Clark v National Australia Bank Limited [2026] FCA 119 is a Federal Court decision on an application for leave to appeal. The Clarks had sued NAB in March 2024 over banking and lending events that largely dated back to 2007 and 2008. Their claims included alleged breaches of the Australian Consumer Law, the ASIC Act and the Oaths Act, as well as claims for equitable compensation and common law damages.

The primary judge had already summarily dismissed the proceeding in June 2025. The summary dismissal was based on several conclusions, including that certain causes of action were statute barred, some claims disclosed no reasonable cause of action, and the Clarks could not make out fraudulent concealment to postpone time under section 55 of the Limitation Act 1969 (NSW). The 2026 decision was about whether they should be allowed to appeal that interlocutory dismissal.

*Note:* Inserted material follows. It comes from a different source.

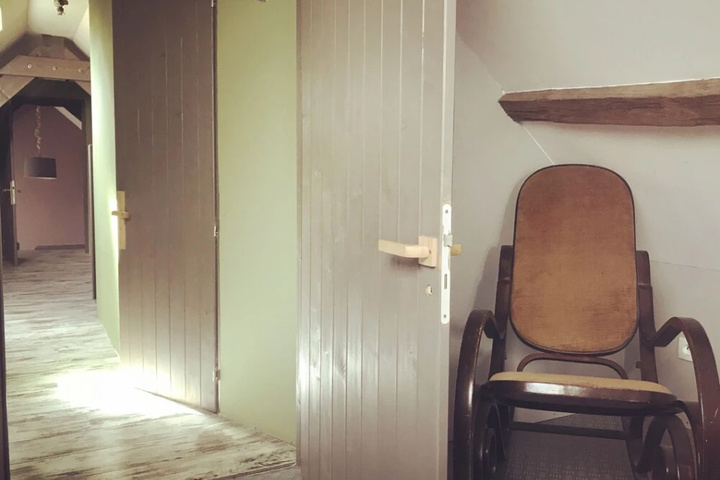 Room 8 of 11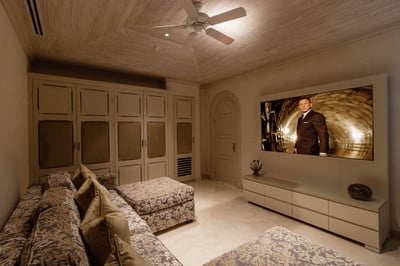 Luxury Villa Photo #11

On the extract available, the appeal judge refused leave and dismissed the application with costs. That means the court did not reopen the merits of the underlying banking dispute. Instead, it focused on whether there was enough doubt about the primary decision to justify an appeal and whether substantial injustice would result if leave were refused.

How the dispute developed

The commercial background matters because it explains why the Clarks said the bank's conduct caused major disruption to their business. They operated through associated entities involved in property acquisition and development. They had two home loans with NAB secured over properties at Kurnell and Cessnock, and Voxxy Pty Ltd had a line of credit facility.

In July 2007, the Clarks instructed NAB to open an account for Voxxy as trustee of the JTT Trust so that about $500,000 could be used for proposed property purchases in the United States. Two separate accounts were opened in the trust name. The Clarks said this caused confusion and meant they could not show proof of funds while in the United States.

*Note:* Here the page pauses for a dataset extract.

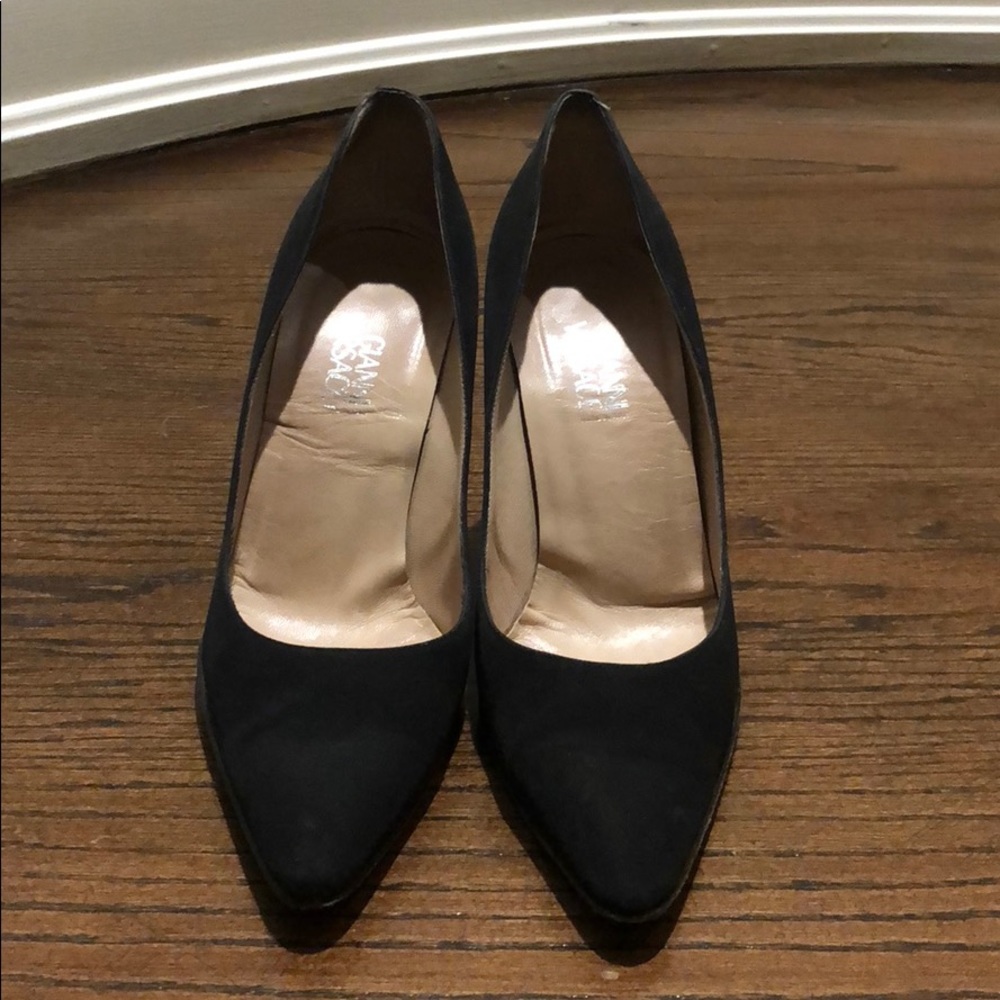 VERSACE Black pointed heels with rhinestones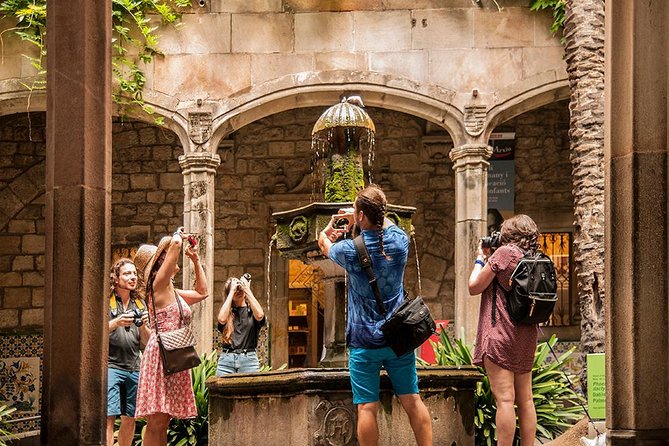 Private Photography Walking Tour with a Local - Finishing at City Hall and Jaume I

The judgment records that they contacted NAB several times between 24 and 30 July 2007 trying to locate the money, and that on 1 August 2007 they became aware that earlier account details were for a different account.

The dispute then widened beyond the duplicate account issue. From early August 2007, the Clarks sought a different bank manager. They also told NAB they had pre-approval to refinance with HSBC. NAB proposed matching HSBC's rates. The Clarks alleged that NAB failed or refused to release their file to another manager and failed to roll over or renew the home loans in time. In June 2008, NAB issued default notices and placed a stop on their profiles.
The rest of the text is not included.